I am pretty sure that your 1st way is returning a copy, instead of a view, and so assigning to it does not change the original data. I am not sure why this is happening though.

It seems to be related to the order in which you select rows and columns, NOT the syntax for getting columns. These both work:

df.D[df.key == 1] = 1
df['D'][df.key == 1] = 1

And neither of these works:

df[df.key == 1]['D'] = 1
df[df.key == 1].D = 1

From this evidence, I would assume that the slice df[df.key == 1] is returning a copy. But this is not the case! df[df.key == 1] = 0 will actually change the original data, as if it were a view.

So, I'm not sure. My sense is that this behavior has changed with the version of pandas. I seem to remember that df.D used to return a copy and df['D'] used to return a view, but this doesn't appear to be true anymore (pandas 0.10.0).

If you want a more complete answer, you should post in the pystatsmodels forum: https://groups.google.com/forum/?fromgroups#!forum/pystatsmodels


The pandas documentation says:

Returning a view versus a copy

The rules about when a view on the data is returned are entirely dependent on NumPy. Whenever an array of labels or a boolean vector are involved in the indexing operation, the result will be a copy. With single label / scalar indexing and slicing, e.g. df.ix[3:6] or df.ix[:, 'A'], a view will be returned.

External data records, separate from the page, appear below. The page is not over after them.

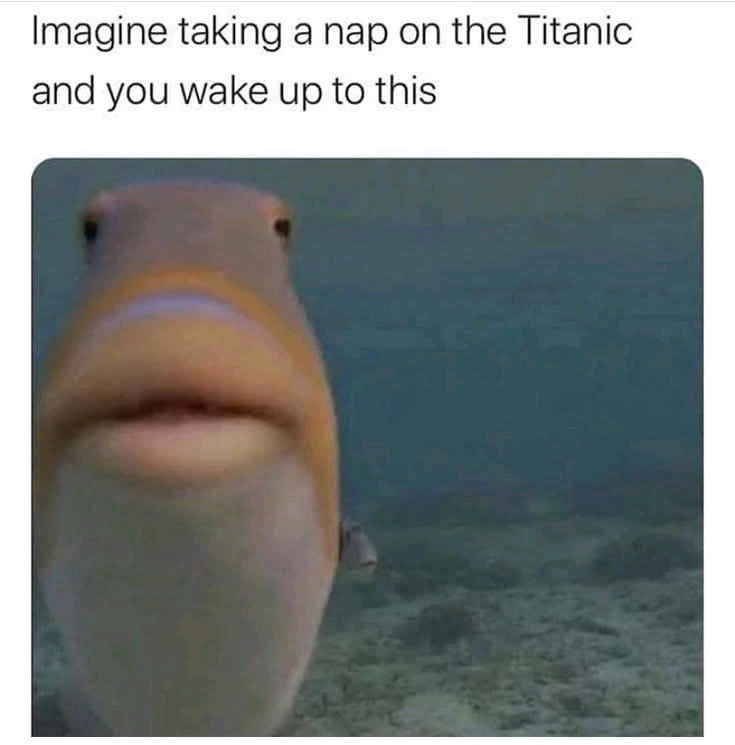 GIF lastet opp av Anders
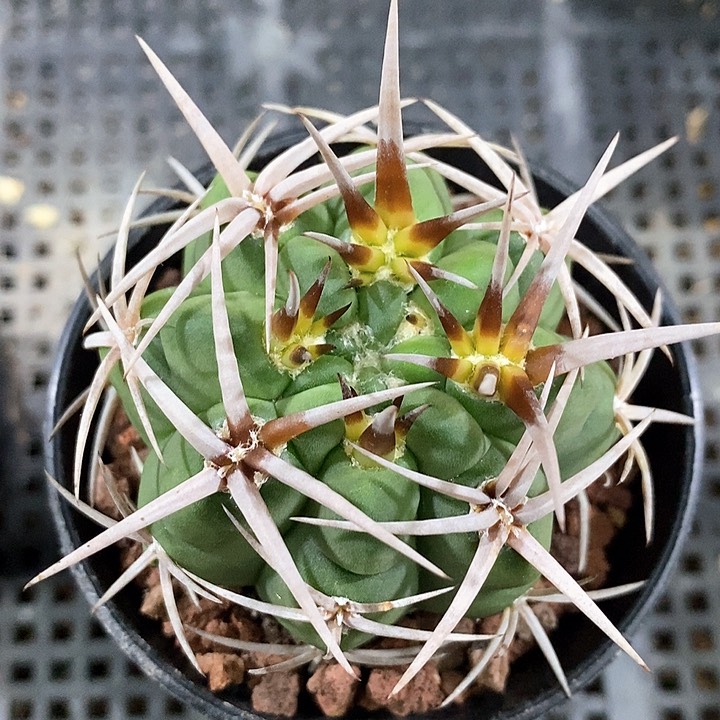 孤品实生顶级粗刺五十铃碧岩玉5.2cm刺宽0.4cm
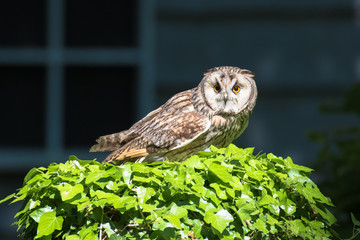 Eagle owl (latin name Bubo bubo)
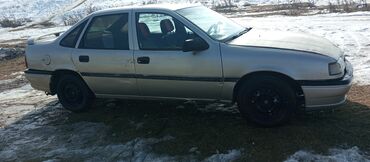 Opel: Opel Vectra: 1994 г., 2 л, Механика, Бензин, Седан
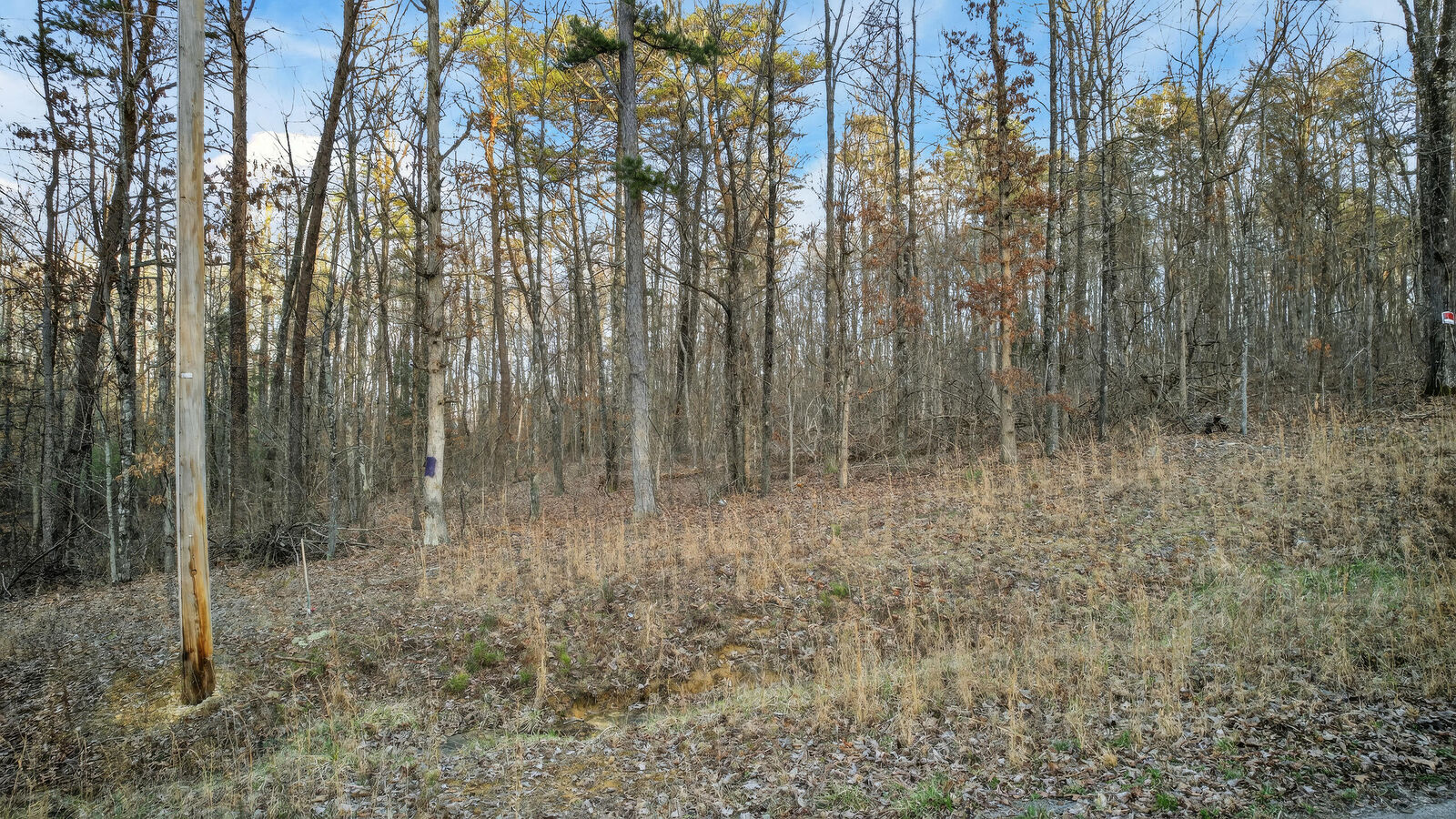 Property Photo: 0 Brentwood Lane TN 37327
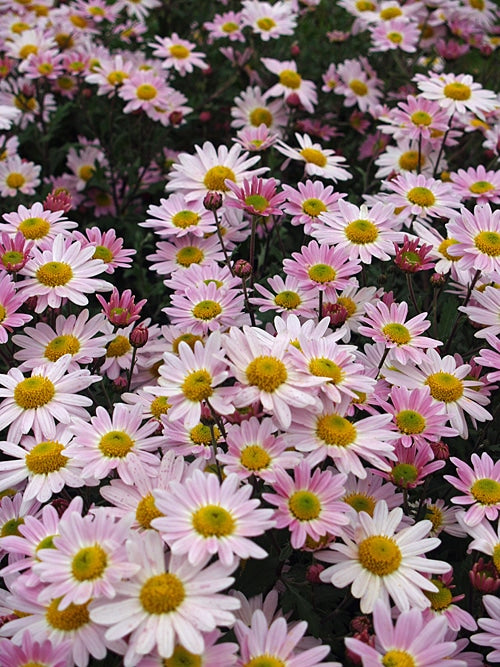 CHRYSANTHEMUM 'AUNT MILLICENT'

In df[df.key==1]['D'] you first do boolean slicing (leading to a copy of the Dataframe), then you choose a column ['D'].

In df.D[df.key==1] = 3.4, you first choose a column, then do boolean slicing on the resulting Series.

This seems to make the difference, although I must admit that it is a little counterintuitive.

Edit: The difference was identified by Dougal, see his comment: With version 1, the copy is made as the __getitem__ method is called for the boolean slicing. For version 2, only the __setitem__ method is accessed - thus not returning a copy but just assigning.